# What the task asks:
Only the lines below from the one that contains "パナソニック 音波振動ハブラ" through the one that contains "新品　アカチャンホンポ　おやつなりきり　ベビー服　帽子付きベスト　3点セット" should appear in your answer, exact and without pictures.

# Source material:
- - - -
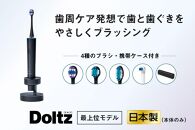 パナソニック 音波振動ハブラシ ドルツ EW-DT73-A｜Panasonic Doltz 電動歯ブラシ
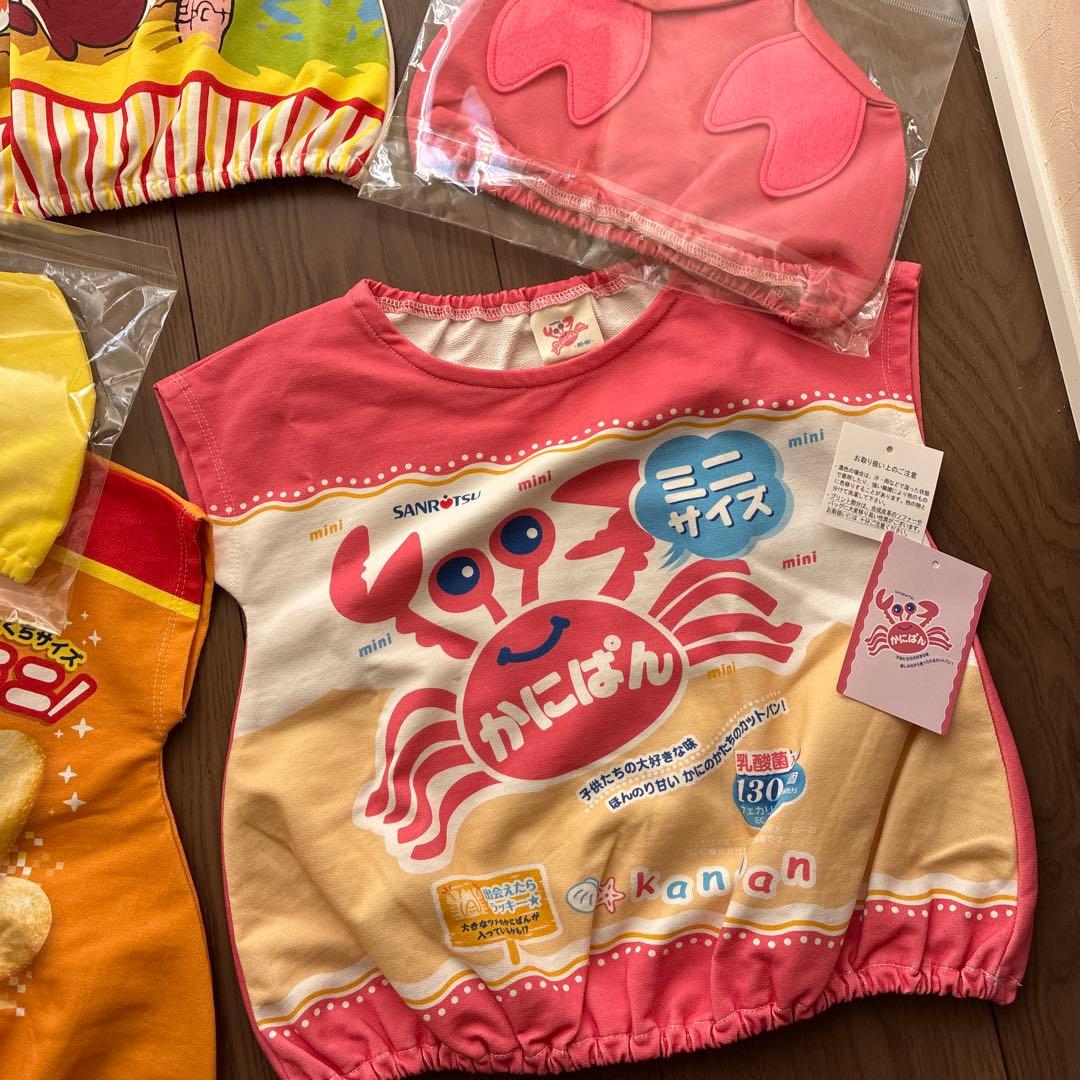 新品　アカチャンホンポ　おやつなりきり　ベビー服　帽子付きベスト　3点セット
- - - -
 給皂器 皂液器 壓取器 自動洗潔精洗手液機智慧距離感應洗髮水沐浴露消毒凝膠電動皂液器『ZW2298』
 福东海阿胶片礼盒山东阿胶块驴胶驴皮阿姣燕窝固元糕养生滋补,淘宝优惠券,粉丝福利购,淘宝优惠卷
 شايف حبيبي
- - - -
# Result:
 パナソニック 音波振動ハブラシ ドルツ EW-DT73-A｜Panasonic Doltz 電動歯ブラシ
 新品　アカチャンホンポ　おやつなりきり　ベビー服　帽子付きベスト　3点セット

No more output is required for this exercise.